The Indian Space Research Organization (ISRO) launched a winged spacecraft 65 kilometres up into the sky, on Monday, May 23, before redirecting it back into the Bay of Bengal.
The mission of launching the vehicle and bringing it back on land took a mere 13 minutes. And, no, the spacecraft did not reach space. However, this is deemed a crucial step for the space agency to have made, paving the way to more launches.
The device used for the test is the Reusable Launch Vehicle-Technology Demonstrator (RLV-TD). ISRO injected $14 million in its making. This was just the first experimental flight for RLV-TD, which consisted of three main phases: hypersonic flight experiment (HEX) followed by the landing experiment (LEX), return flight experiment (REX) and scramjet propulsion experiment (SPEX). The device is meant to be launched for 3 more test drives.
RLV-TD is only 6.7 metres in length – it still has a long way to go in terms of its development. But, the first step is deemed successful enough to boost the ambitions of the ISRO.
For the test performed on Monday, RLV-TD successfully resisted high temperatures as technologies like reusable thermal protection system and autonomous navigation were tested through its launch.

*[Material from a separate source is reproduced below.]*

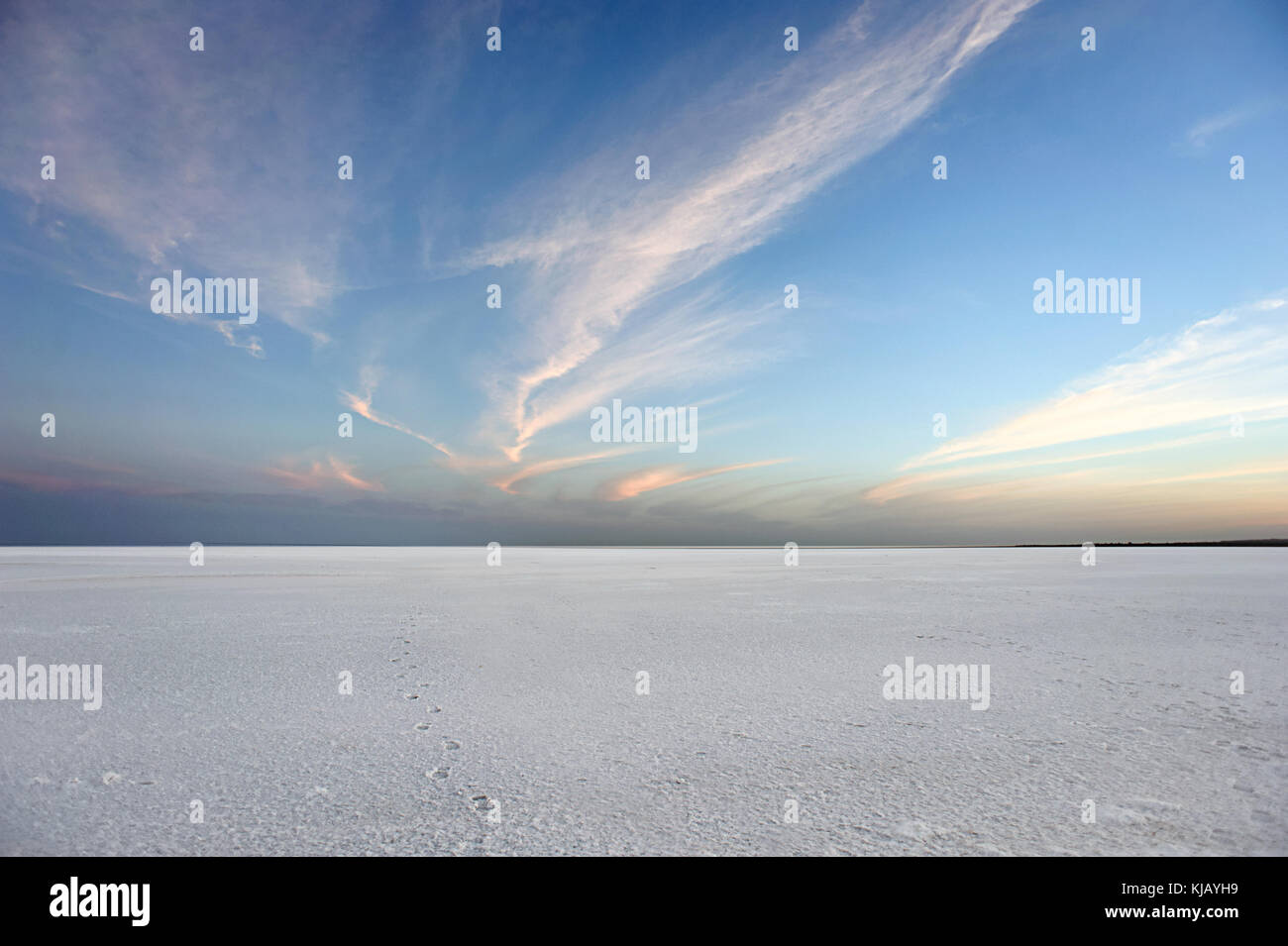 Des images grand angle du désert blanc - blanc Rann de Kutch, au Gujarat, en Inde, en matinée avec différentes formes de nuages dans le ciel bleu ouvert Banque D'Images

India has been investing in space technology for some years now: its annual budget for these projects amount to $1.2 billion. This is, of course, nothing compared to NASA’s $18.5 billion budget. ISRO is still considered to play an important role in the launch industry. The country’s first commercially-viable reusable vehicle might not see the light of the day any time soon, but, India is working towards reducing the launch costs to remain competitive in the industry.